SSA and Optimization After AD
Derivative generation often creates redundant code. SSA gives compiler passes a standard representation for cleaning it up.
For example:
dx1 = add (mul dx0 x0), (mul x0 dx0)can be simplified to:
dx1 = mul 2, mul x0 dx0If dx0 is known to be 1, this may become:
dx1 = mul 2, x0SSA also enables dead code elimination:
x1 = expensive(x0)
dx1 = derivative_expensive(x0, dx0)
return x1If only the primal result is needed, the derivative value can be removed. If only a gradient is needed and the primal output is unused after differentiation, some primal values may be kept only when required by reverse rules.
A Minimal SSA AD Algorithm
A forward-mode transformation for straight-line SSA code is direct:
for instruction v = op(args):
emit primal instruction v = op(args)
emit tangent instruction dv = jvp(op, args, dargs)A reverse-mode transformation has two phases:
forward:
emit primal instructions
save primal values needed by reverse rules
reverse:
initialize output adjoints
for primal instructions in reverse order:
emit vjp rule
accumulate adjoints into input adjointsFor basic blocks, the same idea applies with explicit handling of branches, phi nodes, and loops.

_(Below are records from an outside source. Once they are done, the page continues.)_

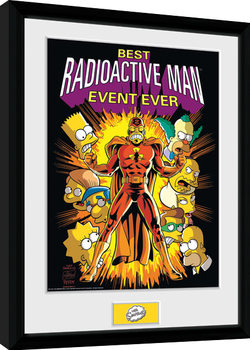 Poster emoldurado The Simpsons - Radioactive Man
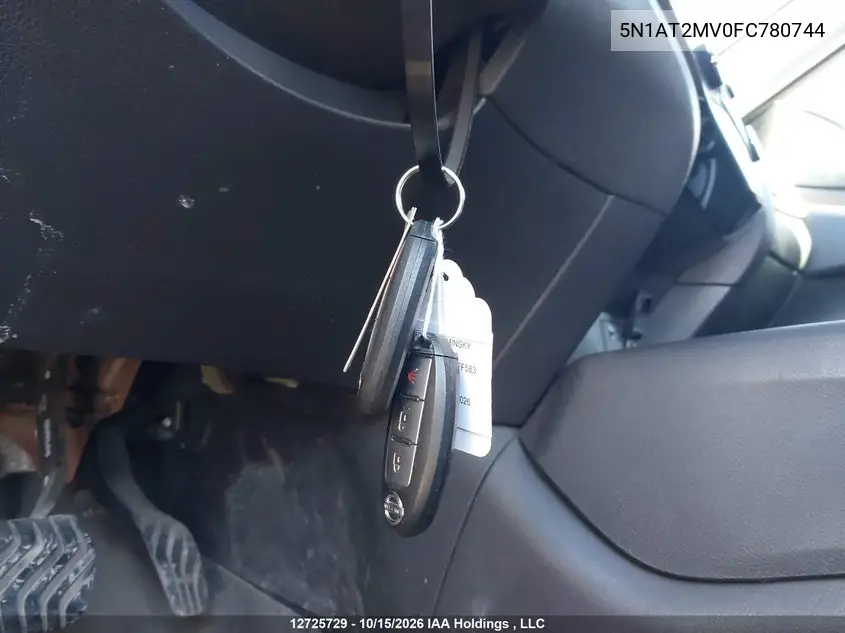 2015 NISSAN ROGUE VIN 5N1AT2MV0FC780744 — фото 11
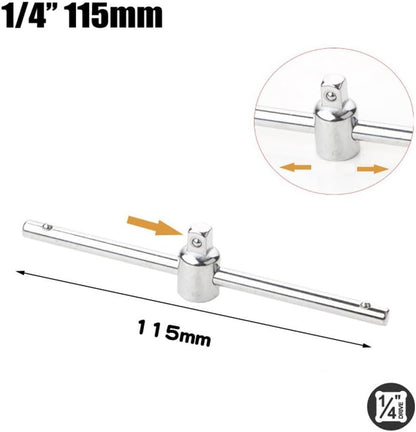 ya 14 9.20 baidi Sliding T Bar Extension for Socket Wrench Perfect for Car Repairs-2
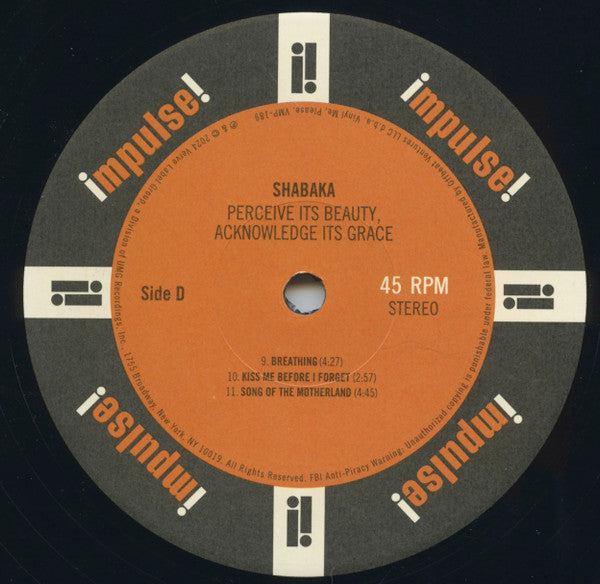 Perceive Its Beauty, Acknowledge Its Grace (2xVINYL / VMP) | Mint (M) Mint (M) - JAZZ *SEALED*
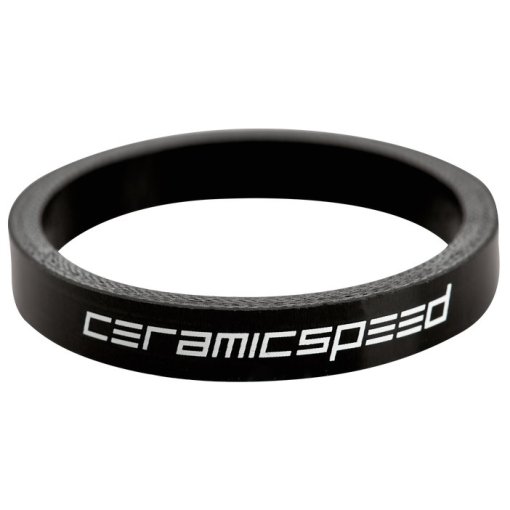 Foto de CeramicSpeed Carbon Spacer - 1 1/8 Inch - black with Logo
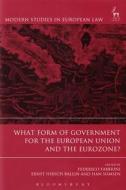 What Form Of Government For The European Union And The Eurozone? di Frederico Fabbrini edito da Bloomsbury Publishing Plc
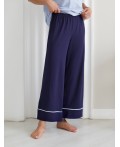 Брюки домашние женские т.синий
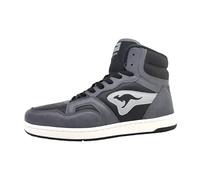 Kangaroos K-Slam Point Mid - Zapatillas Unisex (Talla 40), Steel Grey Jet Black, 40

The hard parts are not the local derivative rules. The hard parts are saving values, reversing control flow, handling mutation, and producing efficient code.
Why SSA Became Central
SSA is central in modern compilers because it provides a clean framework for analysis and optimization. AD needs the same qualities.
It needs explicit dependencies. It needs dominance and liveness information. It needs control-flow joins. It needs clean treatment of values whose definitions are unique. It needs a way to represent mutation without hiding it behind variable names.

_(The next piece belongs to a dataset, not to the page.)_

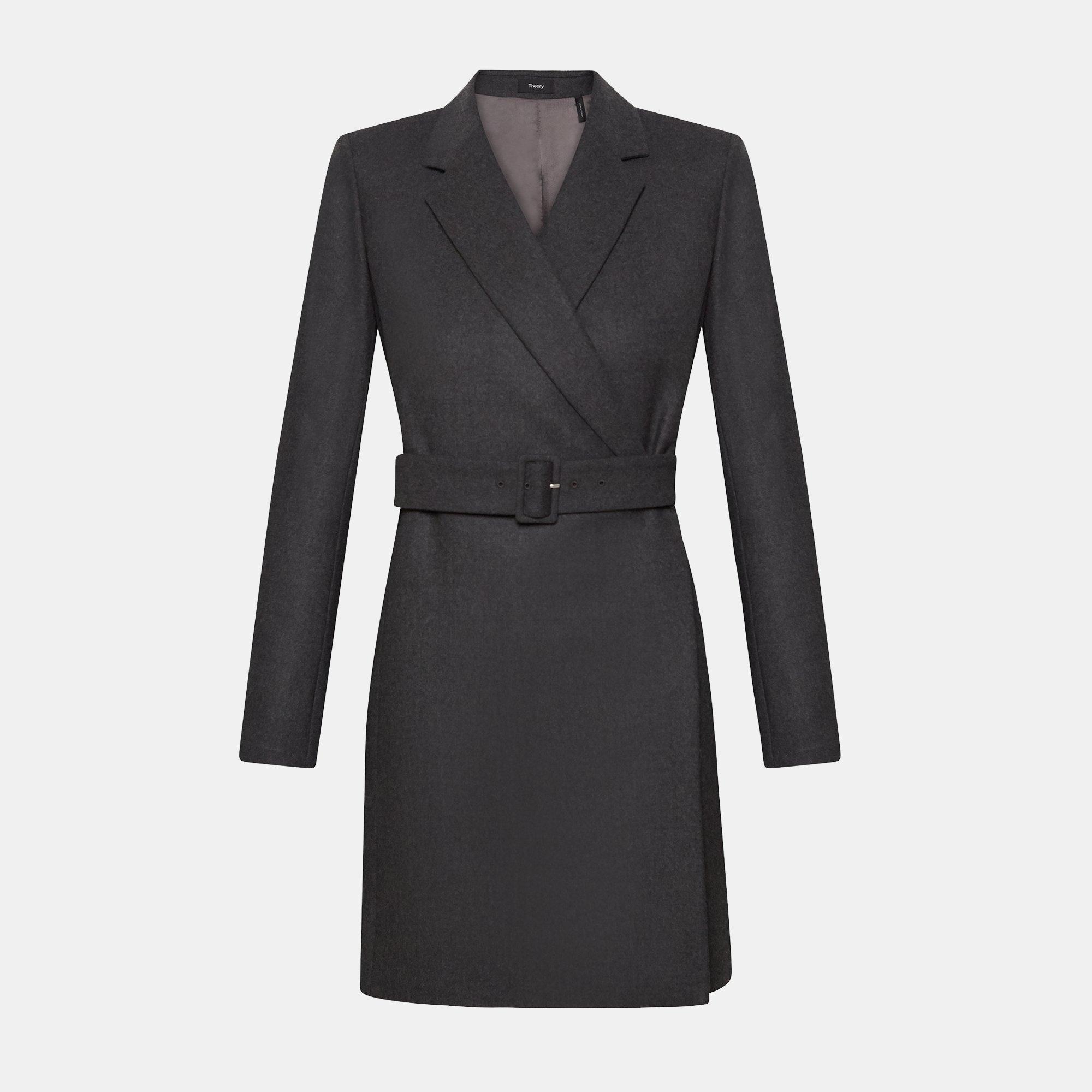 Wool Flannel Blazer Dress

For these reasons, many compiler-based AD systems either use SSA directly or use an IR with SSA-like properties.
Summary
SSA form is a natural representation for automatic differentiation.

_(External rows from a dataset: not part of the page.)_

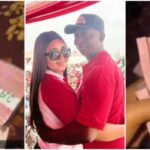 “Thank you hubby” -  Regina Daniels flaunts bundles of newly redesigned naira notes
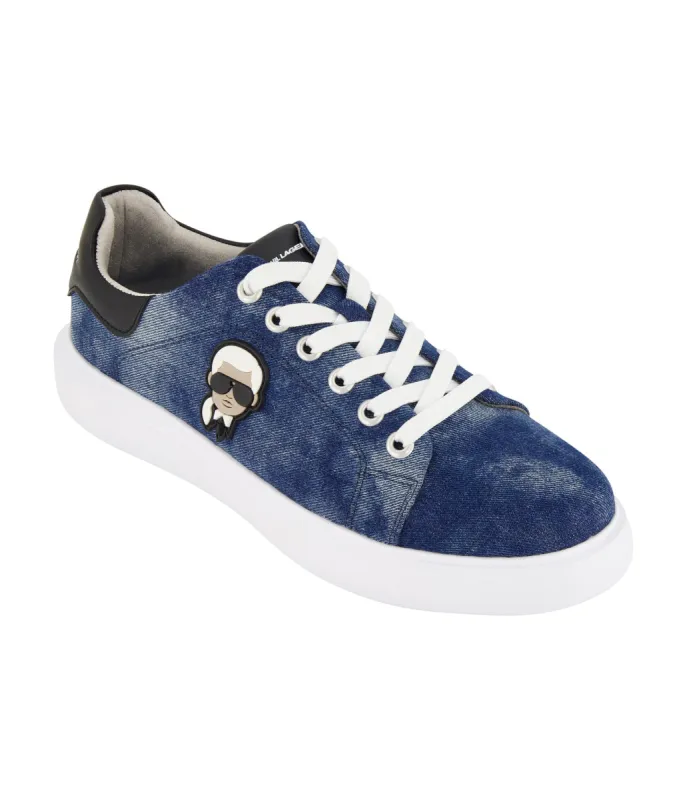 DENIM KARL HEAD SNEAKER sold by Karl Lagerfeld Paris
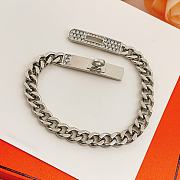 Hermès Kelly Gourmette bracelet  - 6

Forward mode extends each SSA value with a tangent. Reverse mode extends each SSA value with an adjoint and traverses the dependency graph backward. Phi nodes and block arguments make branches and loops explicit. Liveness and activity analysis decide which values need derivative state and which primal values must be saved.
SSA does not solve every problem in AD, but it gives the compiler the right shape of program: explicit values, explicit dependencies, and explicit control flow.